Weathermen Need To Get Over Themselves And Go Back Inside
It's hurricane season. That means lots of rain, wind, and pompous weathermen who think they are more important than the weather.
You think you're more important than the weather? The Weather!
They are Weather …men. The key word here is weather. Weather comes first. Without weather, they are just men. Yet they continue to put themselves in front of the weather, literally. They do it everyday on green screens in the studio. They block half of the screen with their body just so they can point to a number we already see. They're so vain.
Then hurricane season hits and the weather becomes major news. You would think the weathermen would just be happy that they get some extra airtime. But no, that's not good enough. Like a petulant child, they run outside into the storm so they can be the center of attention. It's no longer about the wind and rain. It's "Hey look at me, the brave weatherman, withstanding the wind and rain." While at the same time telling us common folk that we should stay inside because the conditions are just too rough. As if they are trained stuntmen that know how to safely get hit in the face by a flying street sign.

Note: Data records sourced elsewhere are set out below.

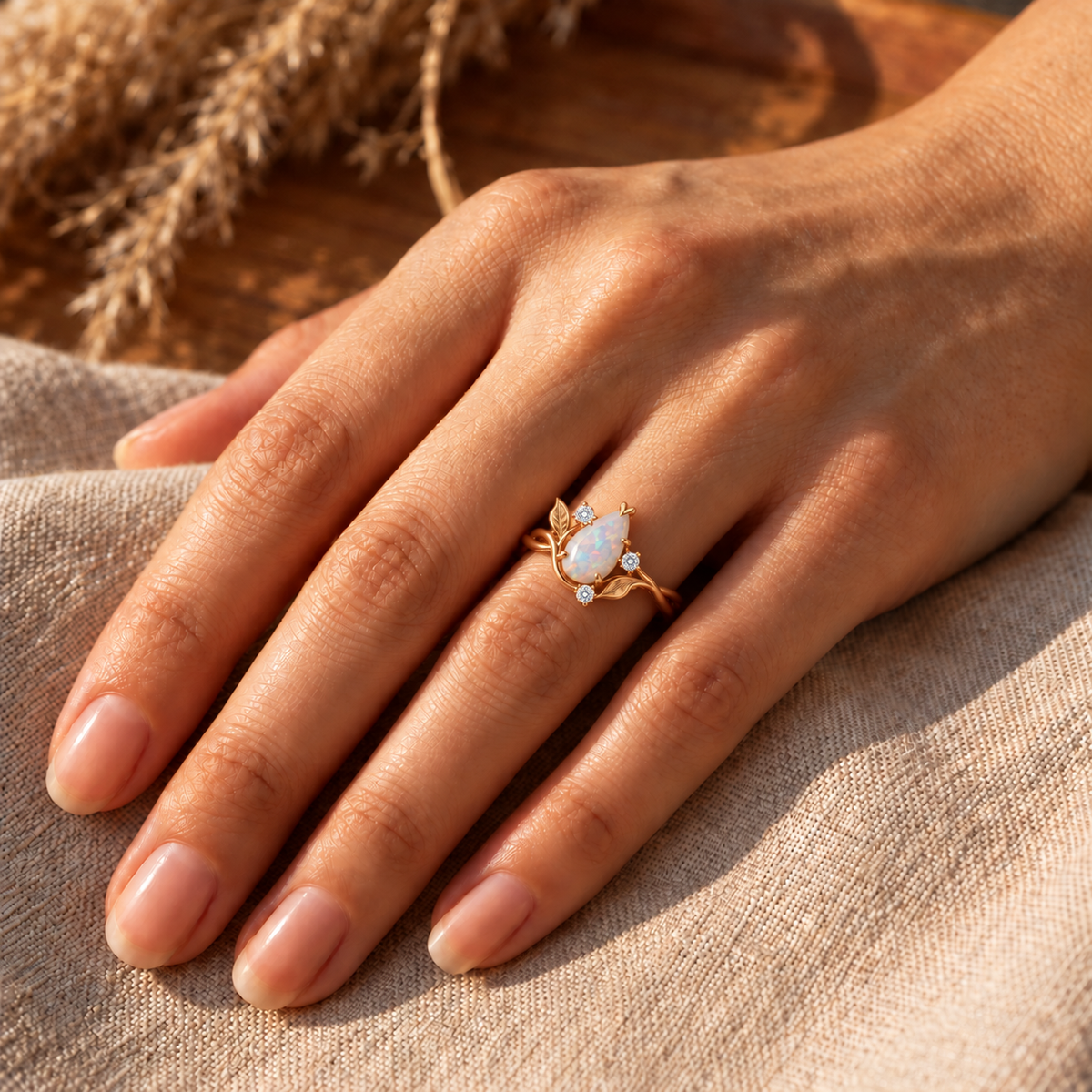 Nature-inspired opal ring with sculpted leaves and flowing gold vine details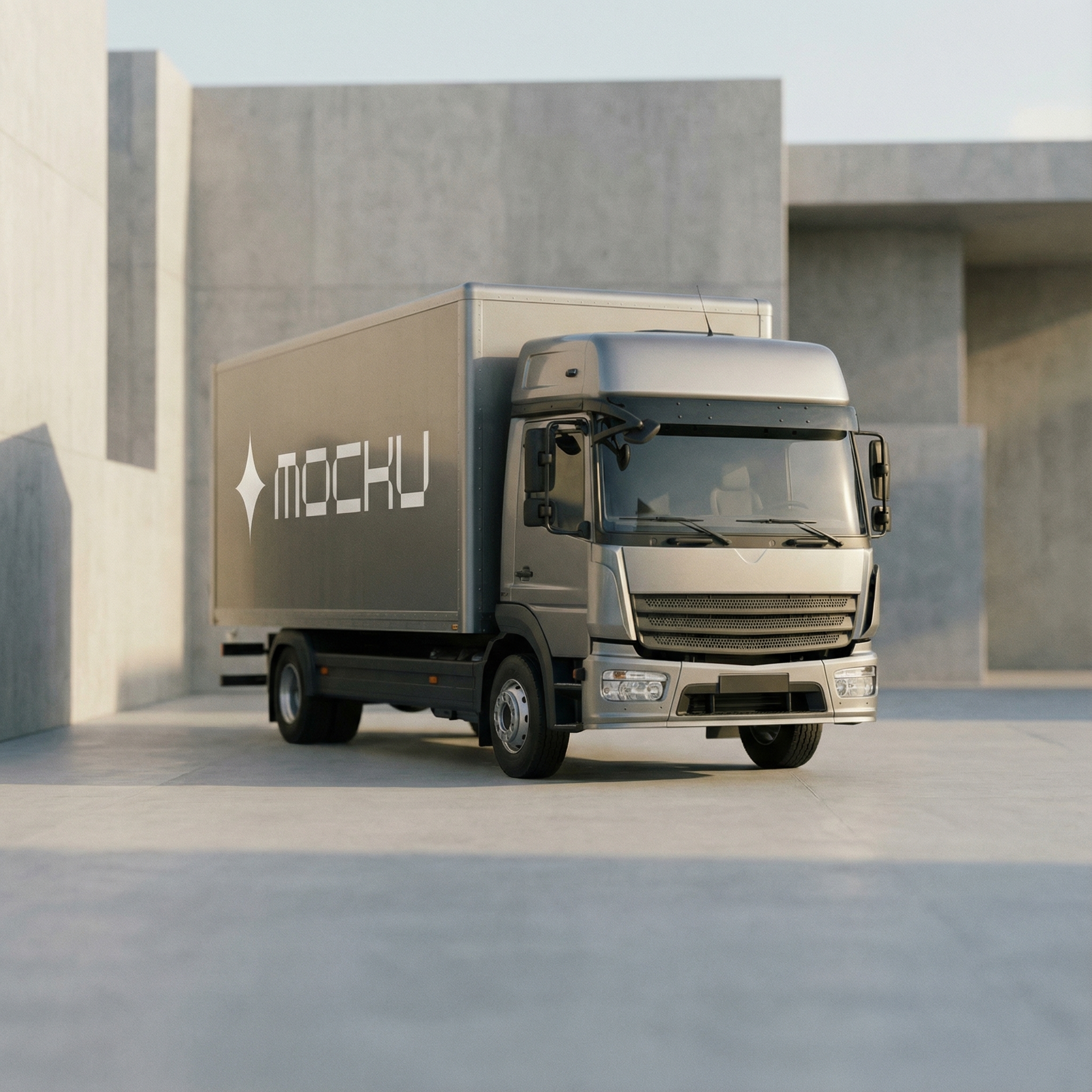 Large Box Truck Concrete mockup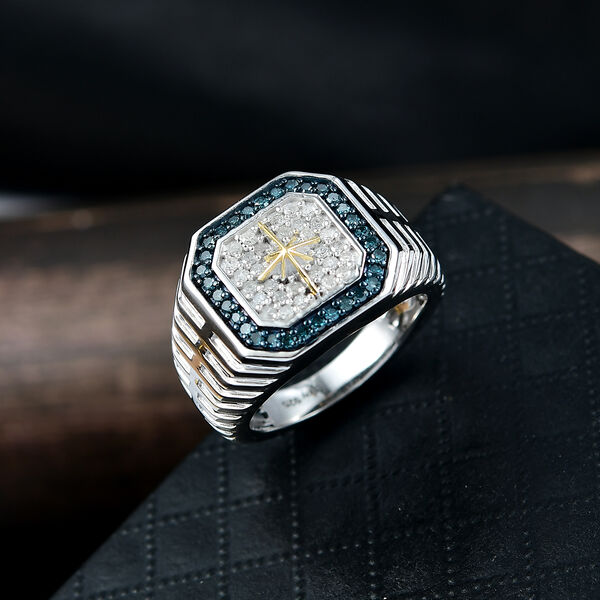 D'Joy blauer und wei&szlig;er Diamant zweifarbiger Herrenring - 0,47 ct. image number 2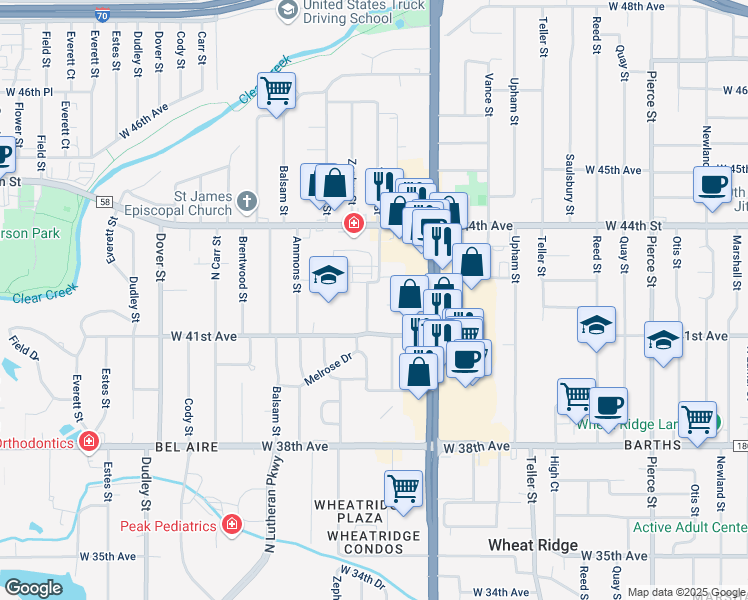 map of restaurants, bars, coffee shops, grocery stores, and more near 4160 Yarrow Court in Wheat Ridge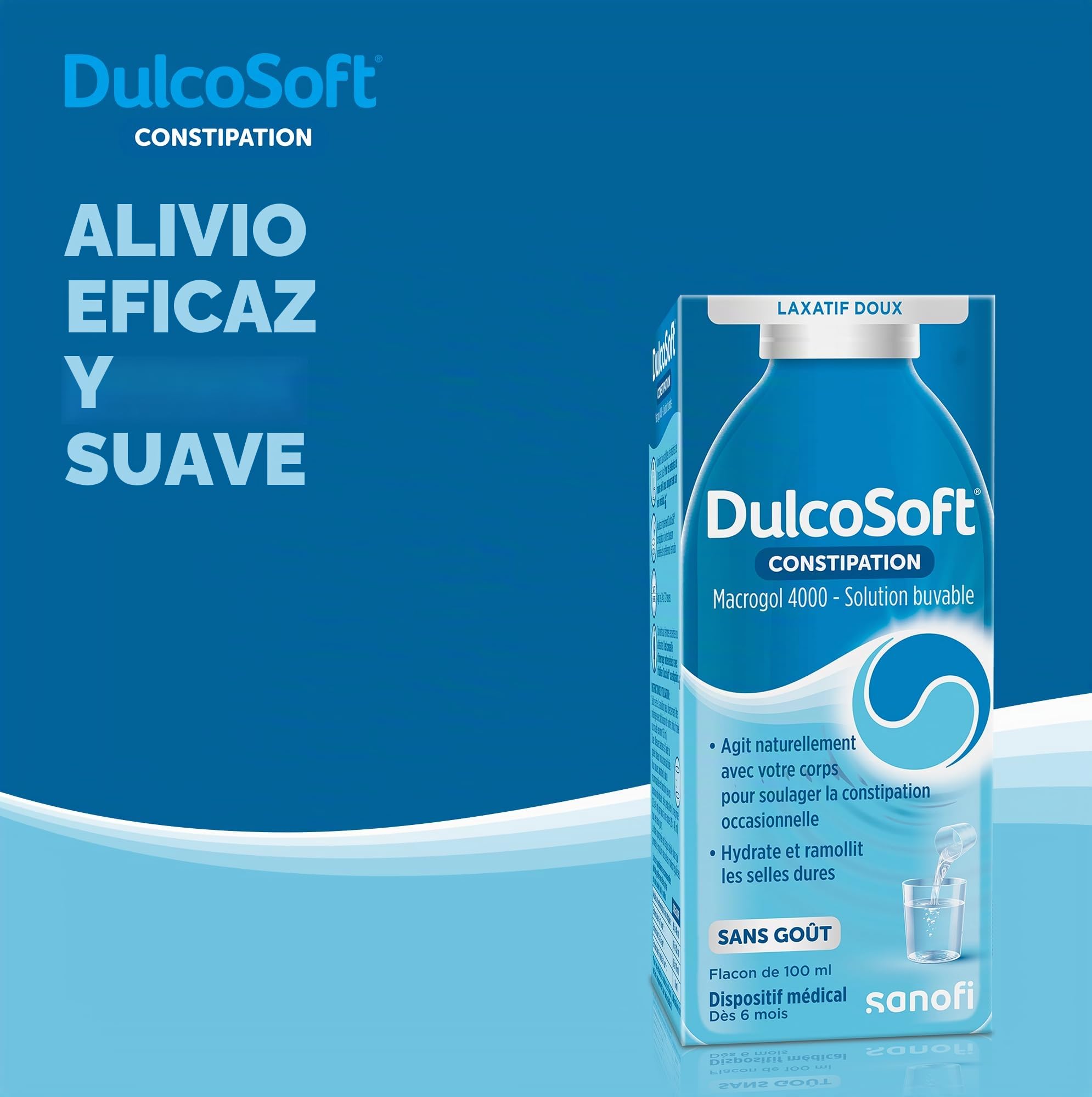 DulcoSoft estreñimiento solución oral 100 ml – Laxante suave – Dispositivo médico – Alivia el estreñimiento ocasional de manera eficaz y suave – Sin sabor, sin azúcar, sin gluten sin lactosa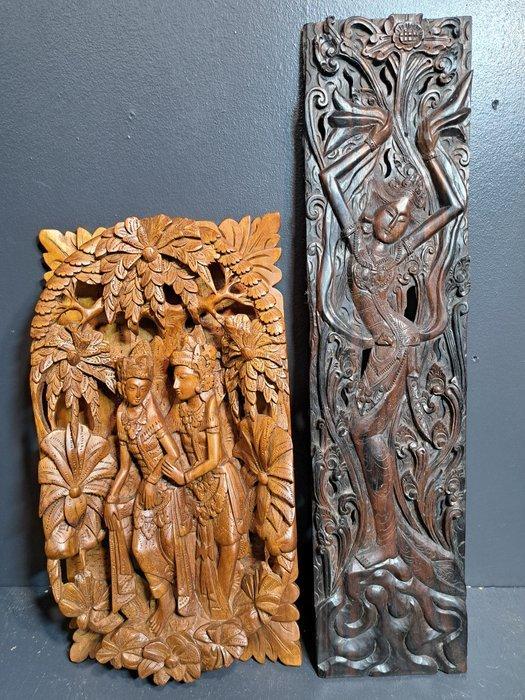 Twee Balinese houtsnijwerken - Beeld - Indonesië (Zonder, Antiek en Kunst, Kunst | Niet-Westerse kunst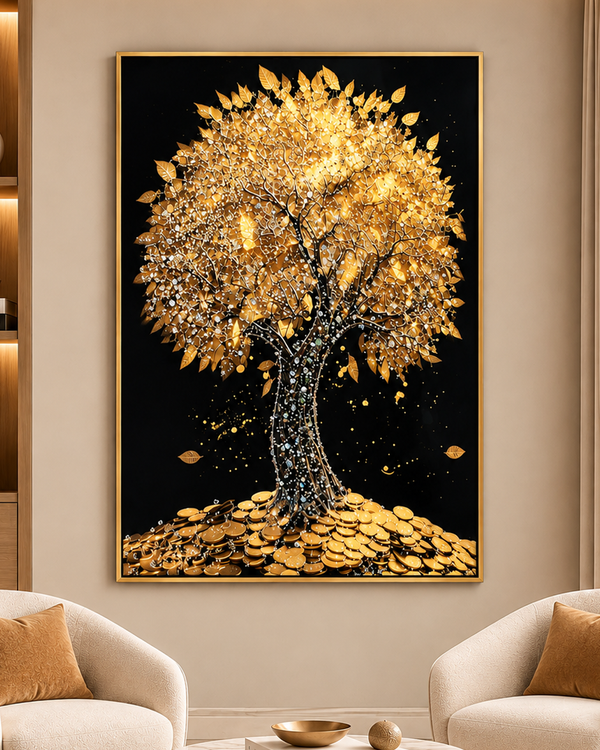 Glimmering Tree of Ethereal Beauty Crystal Glass Framed Wall Paintings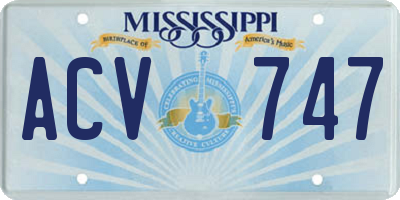 MS license plate ACV747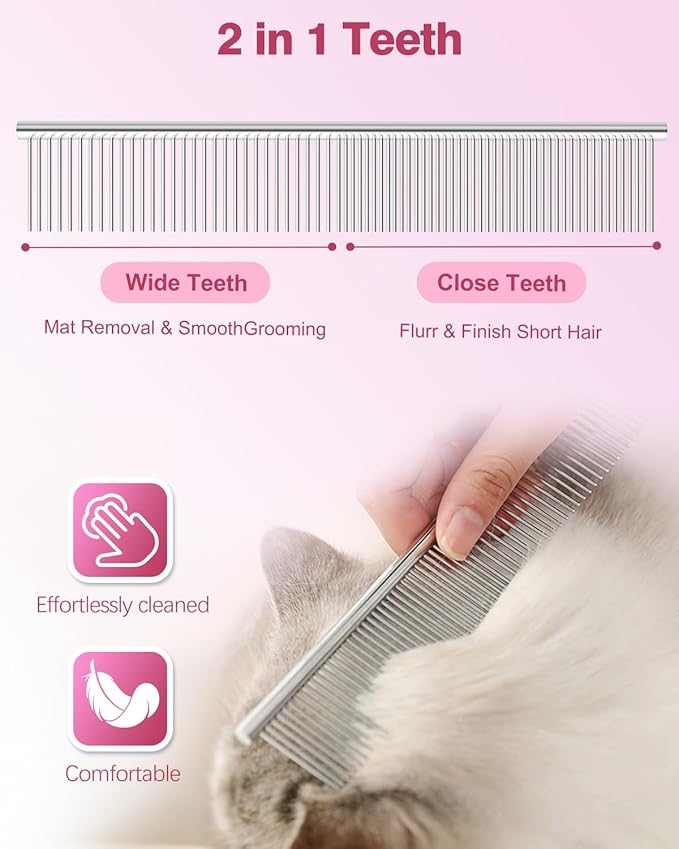 Fiurfiy Furry Professional Pet Grooming Scissors with Safety Round Heads - 6 in 1 Curved Scissors for Dogs and Cats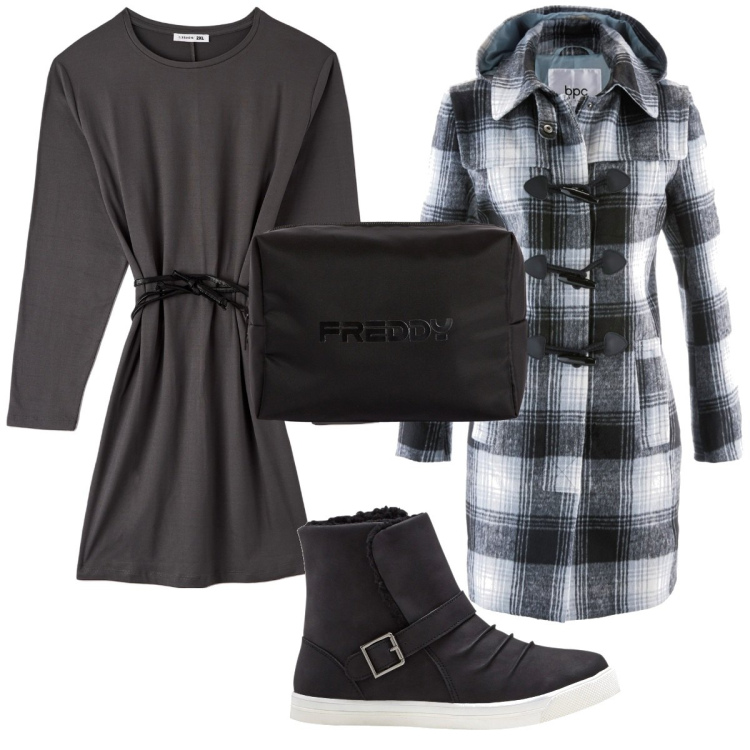 Outfit donna - Total look #1781107. Stile Trendy per Tutti i giorni. Abbinamento con stivaletti, montgomery, vestiti midi/longuette, valigie.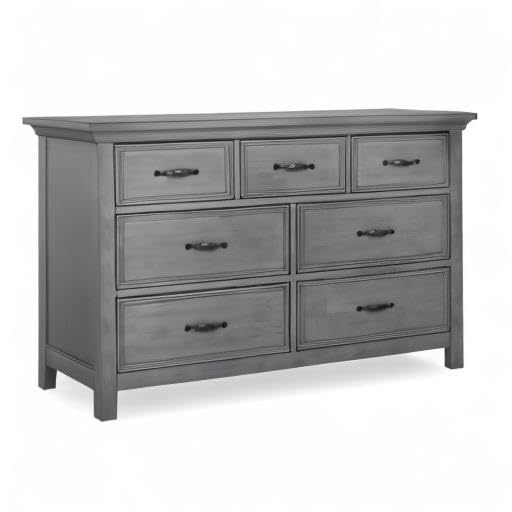 Evolur Belmar Double Dresser in Rustic Grey - 7 Spacious Drawers, Assembled with Anti-Tip Kit | Solid Wood Nursery & Bedroom Dresser for Baby Room, Kids Bedroom, and Guest Room Organization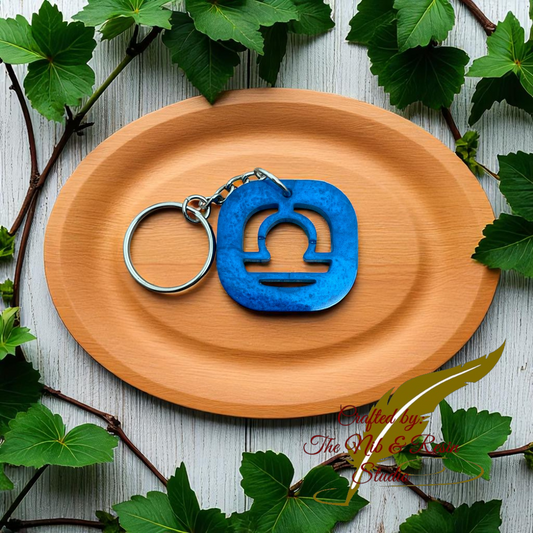 Zodiac Sign Keychain: Libra - Blue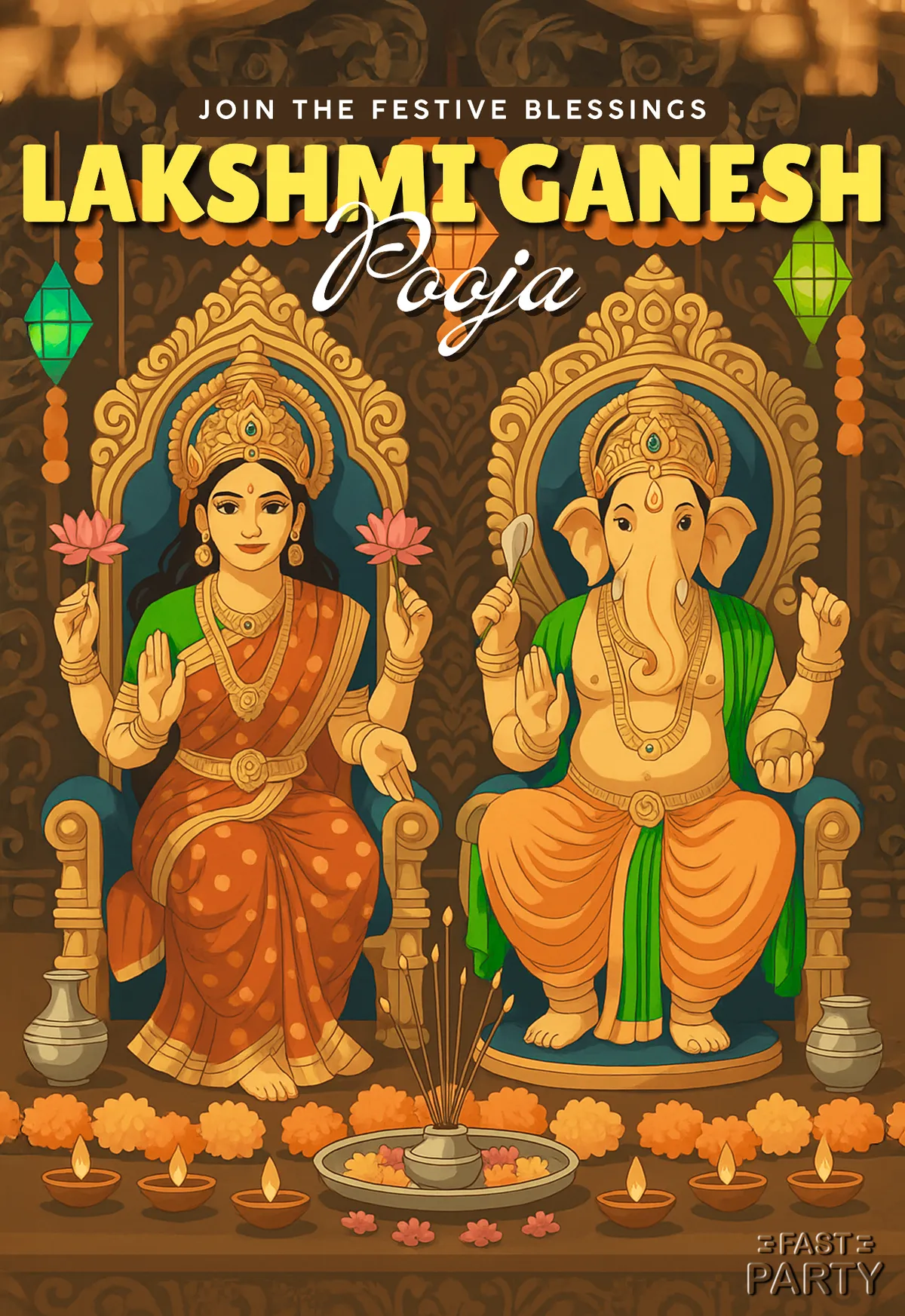 Lakshmi Ganesh Pooja — Seated Deities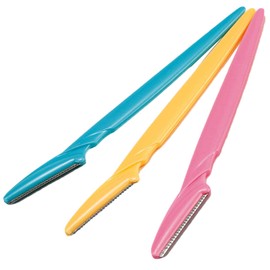 Glamza No Flick 3 Pack Eyebrow Brow Shaper Razor & Dermaplaning Safe Painless Portable Women's Shaver Trimmer Tool Grooming Kit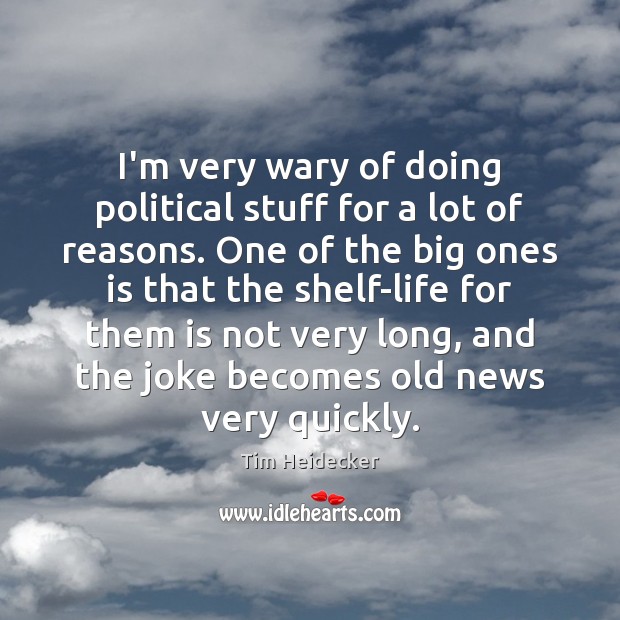 I’m very wary of doing political stuff for a lot of reasons. Tim Heidecker Picture Quote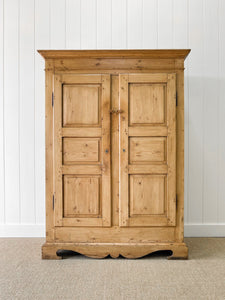 A French Country Pine Wardrobe or Linen Press c1890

Hey Jim, we appreciate you putting your life on the line for absolutely no reason, but please go back inside. We can see the weather just fine without you out there. Take a look at the traffic reporter. You don't see them dodging speeding cars on the highway, do you? No, because the traffic report isn't about them. It's about the traffic.
Be more like the traffic reporter OR If you really want to fight the conditions and face true downpours, go into another field. The field of battle! I'm talking War Weatherman. Be a real hero and tell us All Is Quiet On The Western Cold Front.
Shoutout to one of the worst weather reports ever about Hurricane Matthew back in 2016. Really super helpful stuff there, Shepard.